Facebook users around the world have fallen victim to a rapidly spreading “virus” which spreads through messages telling users they have been tagged.

The malicious software has already infected 800,000 users, and is spreading at a rate of 40,000 attacks per hour, according to Italian security researcher Carlo de Micheli.

Victims have Facebook log-ins and passwords “harvested” from their web browser, and sent directly to cybercriminals.

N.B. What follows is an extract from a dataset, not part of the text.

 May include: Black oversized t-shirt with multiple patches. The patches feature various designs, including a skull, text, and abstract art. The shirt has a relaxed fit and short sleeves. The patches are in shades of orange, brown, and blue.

Such information can be used to craft identity thefts - and to break directly into people’s bank accounts.

Micheli, speaking to the New York Times’ Bits blog, says that the attack spreads via emails, links and Facebook messages telling users they have been tagged.

[Water found on moon hints at mystery "source" beneath surface]

Clicking the link prompts users to download a video plug-in for their browser - it affects users of either Google Chrome or Firefox.

The plug-in is not what it seems - instead, it harvests all information stored in the browser, such as email passwords, Facebook log-ins and Twitter details.

The information is sent to an unknown group of cybercriminals, thought to be Turkish.

“A few years ago, you’d tell your friends, don’t click on attachments,” Mr. De Micheli said in a phone interview. “Now, the same advice applies to browser add-ons.”

“We have been blocking people from clicking through the links and have reported the bad browser extensions to the appropriate parties,” a Facebook spokesman said in a statement. 

“We believe only a small percentage of our users were affected by this issue, and we are currently working with them to ensure that they’ve removed the bad browser extension.”